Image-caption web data
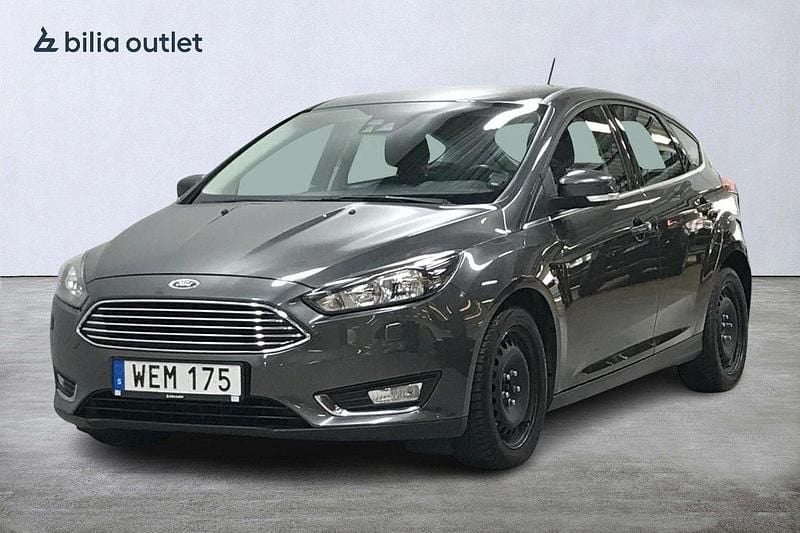 Grå Begagnad 2017 Ford Focus Titanium Halvkombi | 129 900 kr (Marknadspris) - Bild 1/3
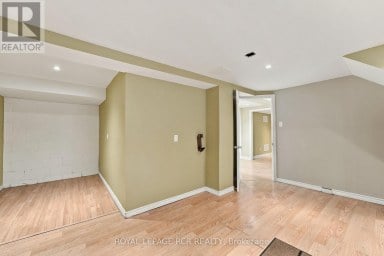 70 TECUMSEH DRIVE Aurora (Aurora Heights) Ontario photo 34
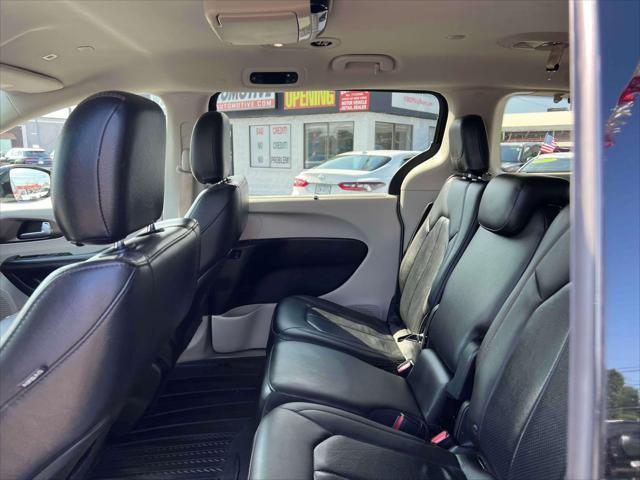 used 2019 Chrysler Pacifica car, priced at $13,997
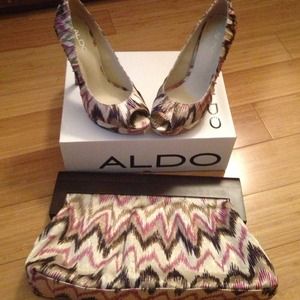 🎉Aldo bundle.. Heels and clutch🎉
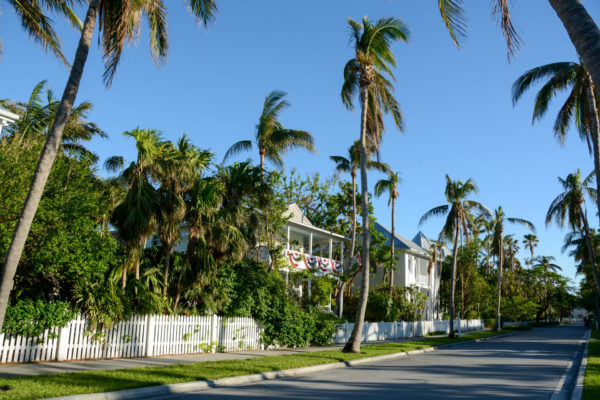 Ein Villenviertel auf Key West gehört zum Parcours der Fahrradtour durch Key West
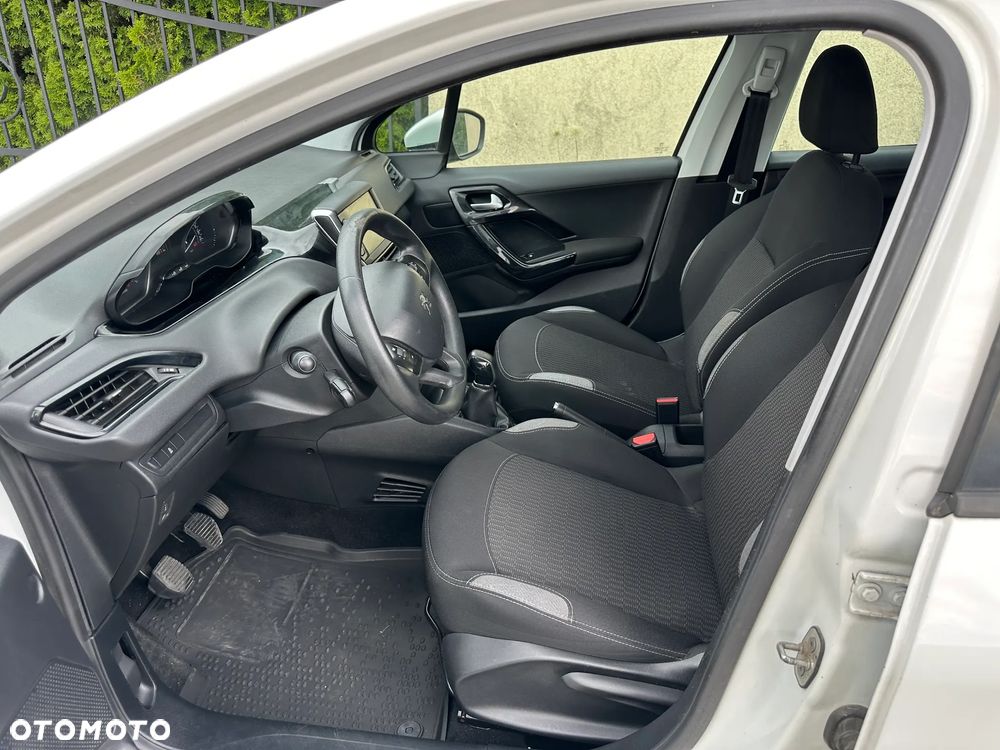 Peugeot 208 1.0 VTi Access - 4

Exercise instructions
Give the data back exactly, omitting all pictures.

Exercise output
 Grå Begagnad 2017 Ford Focus Titanium Halvkombi | 129 900 kr (Marknadspris) - Bild 1/3
 70 TECUMSEH DRIVE Aurora (Aurora Heights) Ontario photo 34
 used 2019 Chrysler Pacifica car, priced at $13,997
 🎉Aldo bundle.. Heels and clutch🎉
 Ein Villenviertel auf Key West gehört zum Parcours der Fahrradtour durch Key West
 Peugeot 208 1.0 VTi Access - 4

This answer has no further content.